REQUIRED ACTION
From the records below, extract all the text exactly and leave the images behind.

ENTRIES SUPPLIED
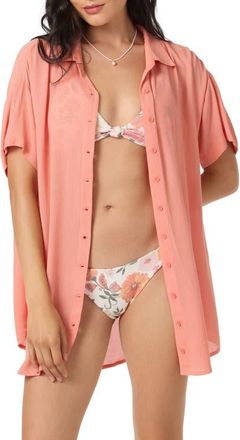 O'Neill Carlee Saltwater Solids Cover-Up Shirtdress in Melon at Nordstrom, Size X-Small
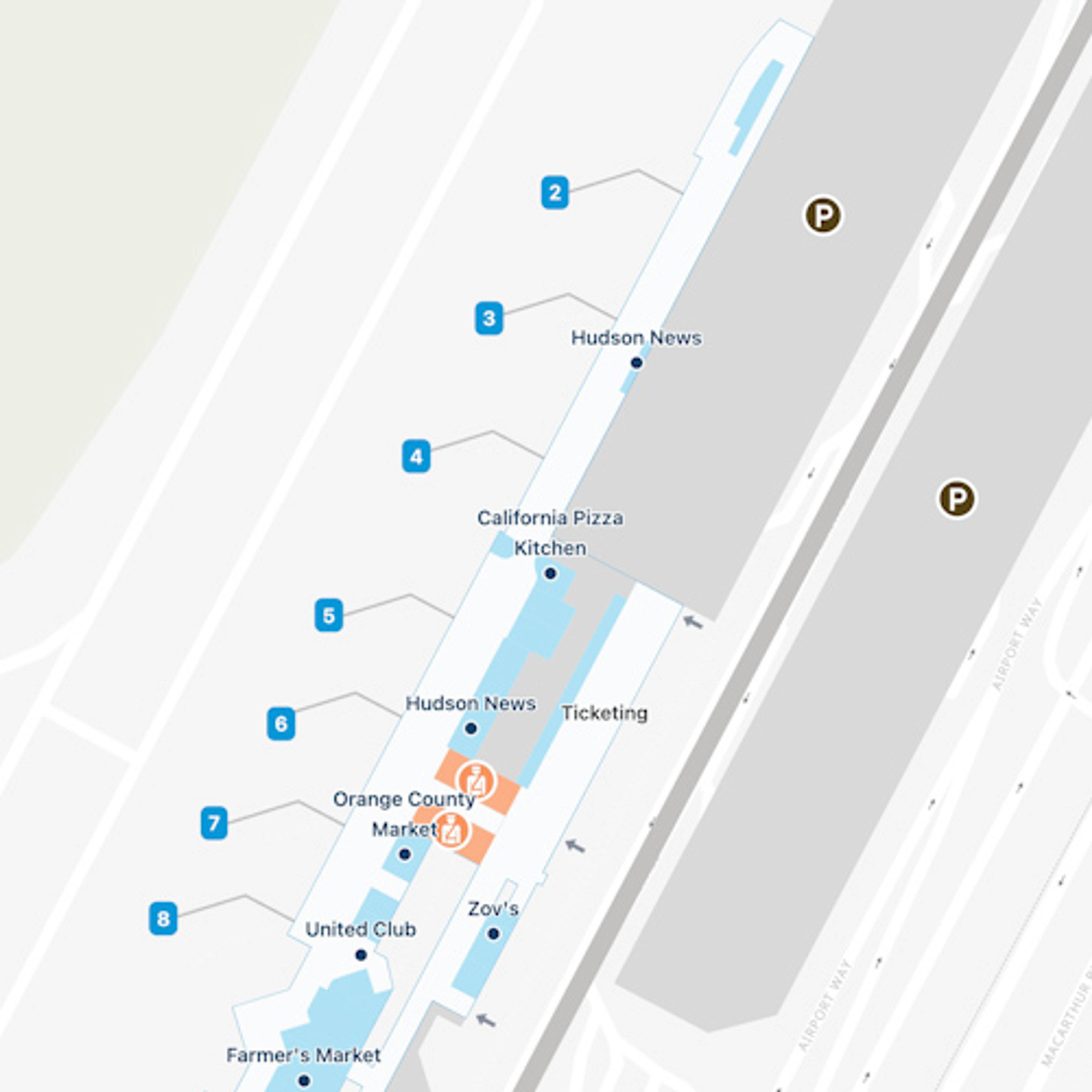 Orange County John Wayne Airport Map Sna Terminal Guide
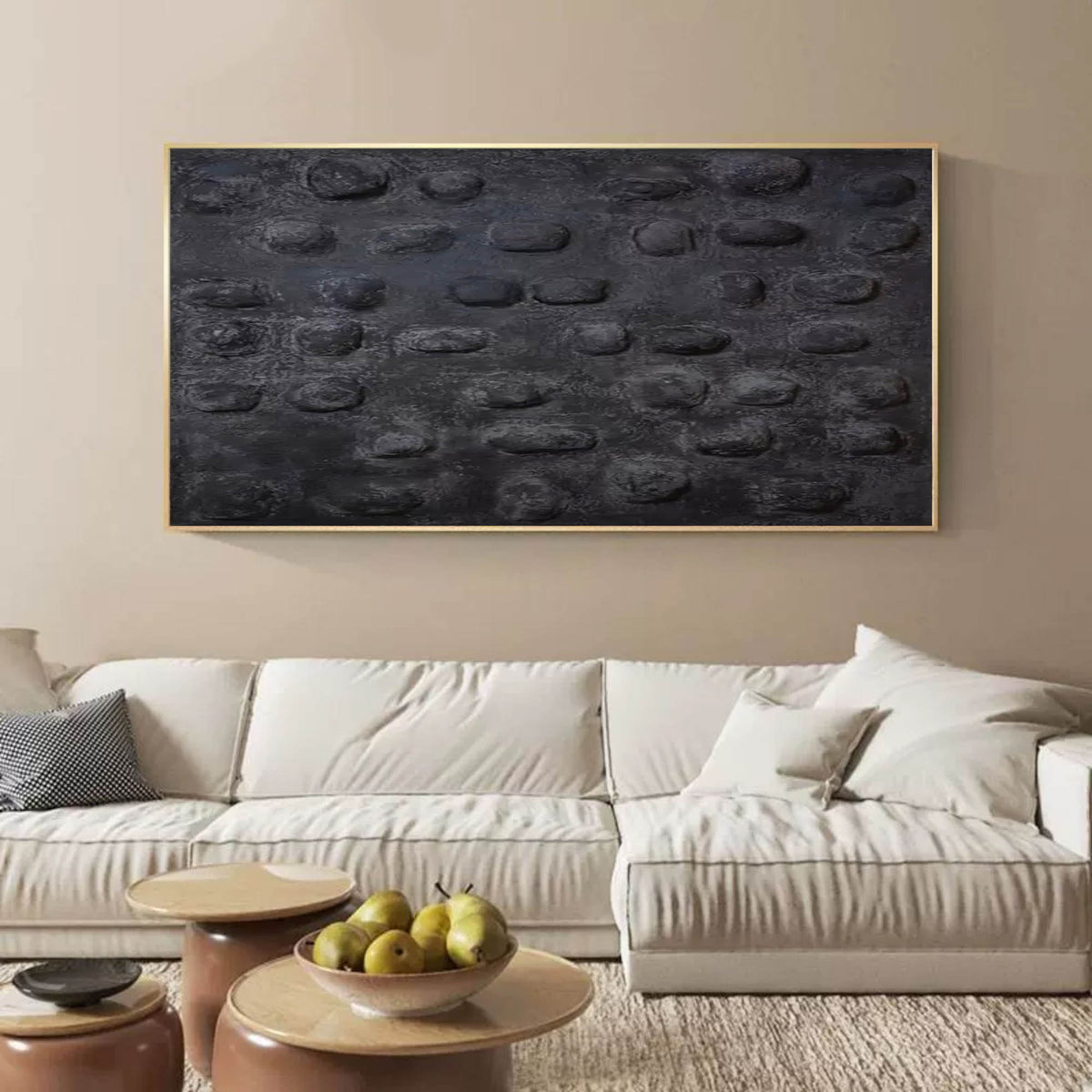 3D Large Black Textured Abstract Canvas Art Large Wabi Sabi Wall Art ...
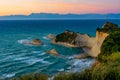 Sunset view of Cape Drastis a Corfu island, Greece Royalty Free Stock Photo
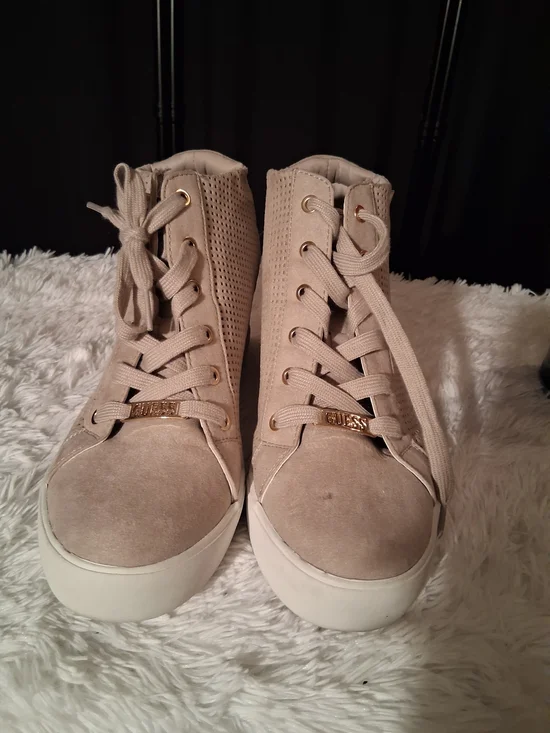 GUESS Women's Taupe High-Top Suede Sneakers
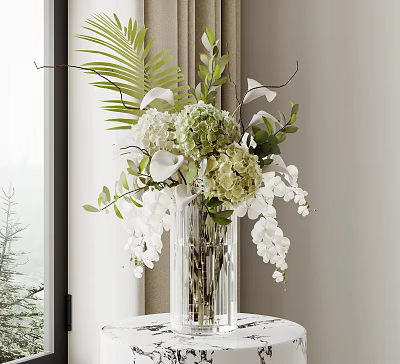 Clear Glass Vase with White Orchids Green Hydrangeas Palm Leaves and Greenery on Window Table 3d model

RESPONSE TO THE TASK
 O'Neill Carlee Saltwater Solids Cover-Up Shirtdress in Melon at Nordstrom, Size X-Small
 Orange County John Wayne Airport Map Sna Terminal Guide
 3D Large Black Textured Abstract Canvas Art Large Wabi Sabi Wall Art ...
 Sunset view of Cape Drastis a Corfu island, Greece Royalty Free Stock Photo
 GUESS Women's Taupe High-Top Suede Sneakers
 Clear Glass Vase with White Orchids Green Hydrangeas Palm Leaves and Greenery on Window Table 3d model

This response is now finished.